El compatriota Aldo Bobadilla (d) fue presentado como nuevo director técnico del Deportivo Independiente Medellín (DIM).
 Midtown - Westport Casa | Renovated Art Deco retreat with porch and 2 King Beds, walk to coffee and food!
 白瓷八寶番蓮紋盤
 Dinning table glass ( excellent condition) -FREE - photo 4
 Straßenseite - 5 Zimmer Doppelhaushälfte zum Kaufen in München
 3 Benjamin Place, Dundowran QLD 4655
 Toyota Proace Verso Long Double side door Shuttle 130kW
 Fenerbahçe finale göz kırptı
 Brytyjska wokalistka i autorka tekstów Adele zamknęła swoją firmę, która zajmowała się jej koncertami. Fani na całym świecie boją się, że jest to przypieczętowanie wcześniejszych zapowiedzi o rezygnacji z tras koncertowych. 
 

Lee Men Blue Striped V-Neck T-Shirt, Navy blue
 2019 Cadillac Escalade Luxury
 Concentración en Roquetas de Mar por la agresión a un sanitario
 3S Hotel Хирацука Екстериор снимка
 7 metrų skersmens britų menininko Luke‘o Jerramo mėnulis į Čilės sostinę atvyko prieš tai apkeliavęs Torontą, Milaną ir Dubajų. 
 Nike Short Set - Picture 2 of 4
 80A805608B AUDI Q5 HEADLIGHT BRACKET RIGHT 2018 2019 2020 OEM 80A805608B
####
Brief: Starting from the line that contains "Lee Men Blue", give again every line to the last line of the data, exactly. Include nothing else.

Your response:
Lee Men Blue Striped V-Neck T-Shirt, Navy blue
 2019 Cadillac Escalade Luxury
 Concentración en Roquetas de Mar por la agresión a un sanitario
 3S Hotel Хирацука Екстериор снимка
 7 metrų skersmens britų menininko Luke‘o Jerramo mėnulis į Čilės sostinę atvyko prieš tai apkeliavęs Torontą, Milaną ir Dubajų. 
 Nike Short Set - Picture 2 of 4
 80A805608B AUDI Q5 HEADLIGHT BRACKET RIGHT 2018 2019 2020 OEM 80A805608B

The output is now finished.